Assigned task -
Please print all of the records shown below, exactly as given.

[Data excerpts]
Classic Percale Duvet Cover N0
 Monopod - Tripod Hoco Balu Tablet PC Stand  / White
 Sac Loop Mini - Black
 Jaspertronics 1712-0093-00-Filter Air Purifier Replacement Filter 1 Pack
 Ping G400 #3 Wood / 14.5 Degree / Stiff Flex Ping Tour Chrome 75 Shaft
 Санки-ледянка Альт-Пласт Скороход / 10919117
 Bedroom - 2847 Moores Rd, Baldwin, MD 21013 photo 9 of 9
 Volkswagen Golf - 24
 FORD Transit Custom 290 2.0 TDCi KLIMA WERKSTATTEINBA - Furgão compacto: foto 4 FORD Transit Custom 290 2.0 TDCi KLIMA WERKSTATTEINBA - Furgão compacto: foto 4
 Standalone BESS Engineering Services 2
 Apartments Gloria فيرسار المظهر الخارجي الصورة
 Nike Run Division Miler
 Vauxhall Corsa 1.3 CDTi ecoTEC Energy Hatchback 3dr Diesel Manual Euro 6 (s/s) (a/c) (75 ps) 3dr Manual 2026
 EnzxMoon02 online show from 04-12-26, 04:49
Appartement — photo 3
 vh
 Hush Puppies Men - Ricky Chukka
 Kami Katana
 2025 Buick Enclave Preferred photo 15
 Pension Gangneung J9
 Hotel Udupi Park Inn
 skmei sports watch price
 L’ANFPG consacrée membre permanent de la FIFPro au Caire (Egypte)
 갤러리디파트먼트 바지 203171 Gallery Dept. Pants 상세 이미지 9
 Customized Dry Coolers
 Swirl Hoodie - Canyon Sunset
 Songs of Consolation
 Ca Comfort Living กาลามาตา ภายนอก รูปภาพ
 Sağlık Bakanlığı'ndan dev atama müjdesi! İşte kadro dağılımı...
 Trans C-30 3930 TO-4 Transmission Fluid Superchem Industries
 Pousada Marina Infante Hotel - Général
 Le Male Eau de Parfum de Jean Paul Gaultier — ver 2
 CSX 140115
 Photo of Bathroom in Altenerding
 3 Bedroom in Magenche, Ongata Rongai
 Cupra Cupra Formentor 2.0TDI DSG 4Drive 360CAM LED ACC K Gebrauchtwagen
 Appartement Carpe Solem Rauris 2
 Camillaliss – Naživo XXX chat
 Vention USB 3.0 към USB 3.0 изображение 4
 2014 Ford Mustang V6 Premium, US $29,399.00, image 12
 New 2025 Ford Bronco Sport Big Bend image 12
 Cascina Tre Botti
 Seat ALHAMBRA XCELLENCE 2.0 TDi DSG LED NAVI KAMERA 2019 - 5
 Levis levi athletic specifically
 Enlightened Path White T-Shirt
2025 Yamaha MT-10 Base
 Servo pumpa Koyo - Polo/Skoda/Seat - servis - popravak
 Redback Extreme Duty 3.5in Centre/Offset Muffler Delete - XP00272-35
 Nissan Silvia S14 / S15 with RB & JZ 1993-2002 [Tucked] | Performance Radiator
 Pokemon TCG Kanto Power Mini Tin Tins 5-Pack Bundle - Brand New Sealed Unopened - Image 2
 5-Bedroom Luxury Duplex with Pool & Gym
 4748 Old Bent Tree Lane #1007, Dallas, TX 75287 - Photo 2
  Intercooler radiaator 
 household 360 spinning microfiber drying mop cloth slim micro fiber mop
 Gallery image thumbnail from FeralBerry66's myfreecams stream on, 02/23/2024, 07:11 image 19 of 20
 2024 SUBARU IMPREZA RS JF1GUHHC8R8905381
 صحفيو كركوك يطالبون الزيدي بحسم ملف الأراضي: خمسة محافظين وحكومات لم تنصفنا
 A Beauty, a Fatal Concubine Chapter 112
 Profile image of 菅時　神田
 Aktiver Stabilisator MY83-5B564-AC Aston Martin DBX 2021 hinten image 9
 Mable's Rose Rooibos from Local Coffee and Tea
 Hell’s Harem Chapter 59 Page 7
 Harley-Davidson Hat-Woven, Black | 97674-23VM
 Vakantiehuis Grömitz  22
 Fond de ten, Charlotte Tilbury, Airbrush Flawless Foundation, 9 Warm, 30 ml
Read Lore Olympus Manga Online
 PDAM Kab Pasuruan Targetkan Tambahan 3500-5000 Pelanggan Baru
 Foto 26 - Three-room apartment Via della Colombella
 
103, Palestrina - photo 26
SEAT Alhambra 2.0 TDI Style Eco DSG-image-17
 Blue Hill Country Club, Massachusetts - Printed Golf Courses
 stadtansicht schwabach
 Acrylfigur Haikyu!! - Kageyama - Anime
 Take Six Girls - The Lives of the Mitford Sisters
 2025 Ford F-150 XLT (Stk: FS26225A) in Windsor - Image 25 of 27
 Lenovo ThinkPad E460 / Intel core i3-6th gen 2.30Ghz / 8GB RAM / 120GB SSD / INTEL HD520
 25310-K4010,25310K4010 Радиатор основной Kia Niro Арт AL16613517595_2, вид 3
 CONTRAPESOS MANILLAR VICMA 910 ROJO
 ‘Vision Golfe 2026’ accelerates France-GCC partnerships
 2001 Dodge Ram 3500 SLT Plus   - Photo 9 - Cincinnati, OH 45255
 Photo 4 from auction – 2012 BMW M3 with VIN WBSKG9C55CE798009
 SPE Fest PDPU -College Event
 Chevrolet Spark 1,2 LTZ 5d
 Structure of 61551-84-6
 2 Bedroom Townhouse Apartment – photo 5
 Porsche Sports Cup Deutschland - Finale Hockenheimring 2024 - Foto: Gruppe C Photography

Solution -
Classic Percale Duvet Cover N0
 Monopod - Tripod Hoco Balu Tablet PC Stand  / White
 Sac Loop Mini - Black
 Jaspertronics 1712-0093-00-Filter Air Purifier Replacement Filter 1 Pack
 Ping G400 #3 Wood / 14.5 Degree / Stiff Flex Ping Tour Chrome 75 Shaft
 Санки-ледянка Альт-Пласт Скороход / 10919117
 Bedroom - 2847 Moores Rd, Baldwin, MD 21013 photo 9 of 9
 Volkswagen Golf - 24
 FORD Transit Custom 290 2.0 TDCi KLIMA WERKSTATTEINBA - Furgão compacto: foto 4 FORD Transit Custom 290 2.0 TDCi KLIMA WERKSTATTEINBA - Furgão compacto: foto 4
 Standalone BESS Engineering Services 2
 Apartments Gloria فيرسار المظهر الخارجي الصورة
 Nike Run Division Miler
 Vauxhall Corsa 1.3 CDTi ecoTEC Energy Hatchback 3dr Diesel Manual Euro 6 (s/s) (a/c) (75 ps) 3dr Manual 2026
 EnzxMoon02 online show from 04-12-26, 04:49
Appartement — photo 3
 vh
 Hush Puppies Men - Ricky Chukka
 Kami Katana
 2025 Buick Enclave Preferred photo 15
 Pension Gangneung J9
 Hotel Udupi Park Inn
 skmei sports watch price
 L’ANFPG consacrée membre permanent de la FIFPro au Caire (Egypte)
 갤러리디파트먼트 바지 203171 Gallery Dept. Pants 상세 이미지 9
 Customized Dry Coolers
 Swirl Hoodie - Canyon Sunset
 Songs of Consolation
 Ca Comfort Living กาลามาตา ภายนอก รูปภาพ
 Sağlık Bakanlığı'ndan dev atama müjdesi! İşte kadro dağılımı...
 Trans C-30 3930 TO-4 Transmission Fluid Superchem Industries
 Pousada Marina Infante Hotel - Général
 Le Male Eau de Parfum de Jean Paul Gaultier — ver 2
 CSX 140115
 Photo of Bathroom in Altenerding
 3 Bedroom in Magenche, Ongata Rongai
 Cupra Cupra Formentor 2.0TDI DSG 4Drive 360CAM LED ACC K Gebrauchtwagen
 Appartement Carpe Solem Rauris 2
 Camillaliss – Naživo XXX chat
 Vention USB 3.0 към USB 3.0 изображение 4
 2014 Ford Mustang V6 Premium, US $29,399.00, image 12
 New 2025 Ford Bronco Sport Big Bend image 12
 Cascina Tre Botti
 Seat ALHAMBRA XCELLENCE 2.0 TDi DSG LED NAVI KAMERA 2019 - 5
 Levis levi athletic specifically
 Enlightened Path White T-Shirt
2025 Yamaha MT-10 Base
 Servo pumpa Koyo - Polo/Skoda/Seat - servis - popravak
 Redback Extreme Duty 3.5in Centre/Offset Muffler Delete - XP00272-35
 Nissan Silvia S14 / S15 with RB & JZ 1993-2002 [Tucked] | Performance Radiator
 Pokemon TCG Kanto Power Mini Tin Tins 5-Pack Bundle - Brand New Sealed Unopened - Image 2
 5-Bedroom Luxury Duplex with Pool & Gym
 4748 Old Bent Tree Lane #1007, Dallas, TX 75287 - Photo 2
  Intercooler radiaator 
 household 360 spinning microfiber drying mop cloth slim micro fiber mop
 Gallery image thumbnail from FeralBerry66's myfreecams stream on, 02/23/2024, 07:11 image 19 of 20
 2024 SUBARU IMPREZA RS JF1GUHHC8R8905381
 صحفيو كركوك يطالبون الزيدي بحسم ملف الأراضي: خمسة محافظين وحكومات لم تنصفنا
 A Beauty, a Fatal Concubine Chapter 112
 Profile image of 菅時　神田
 Aktiver Stabilisator MY83-5B564-AC Aston Martin DBX 2021 hinten image 9
 Mable's Rose Rooibos from Local Coffee and Tea
 Hell’s Harem Chapter 59 Page 7
 Harley-Davidson Hat-Woven, Black | 97674-23VM
 Vakantiehuis Grömitz  22
 Fond de ten, Charlotte Tilbury, Airbrush Flawless Foundation, 9 Warm, 30 ml
Read Lore Olympus Manga Online
 PDAM Kab Pasuruan Targetkan Tambahan 3500-5000 Pelanggan Baru
 Foto 26 - Three-room apartment Via della Colombella
 
103, Palestrina - photo 26
SEAT Alhambra 2.0 TDI Style Eco DSG-image-17
 Blue Hill Country Club, Massachusetts - Printed Golf Courses
 stadtansicht schwabach
 Acrylfigur Haikyu!! - Kageyama - Anime
 Take Six Girls - The Lives of the Mitford Sisters
 2025 Ford F-150 XLT (Stk: FS26225A) in Windsor - Image 25 of 27
 Lenovo ThinkPad E460 / Intel core i3-6th gen 2.30Ghz / 8GB RAM / 120GB SSD / INTEL HD520
 25310-K4010,25310K4010 Радиатор основной Kia Niro Арт AL16613517595_2, вид 3
 CONTRAPESOS MANILLAR VICMA 910 ROJO
 ‘Vision Golfe 2026’ accelerates France-GCC partnerships
 2001 Dodge Ram 3500 SLT Plus   - Photo 9 - Cincinnati, OH 45255
 Photo 4 from auction – 2012 BMW M3 with VIN WBSKG9C55CE798009
 SPE Fest PDPU -College Event
 Chevrolet Spark 1,2 LTZ 5d
 Structure of 61551-84-6
 2 Bedroom Townhouse Apartment – photo 5
 Porsche Sports Cup Deutschland - Finale Hockenheimring 2024 - Foto: Gruppe C Photography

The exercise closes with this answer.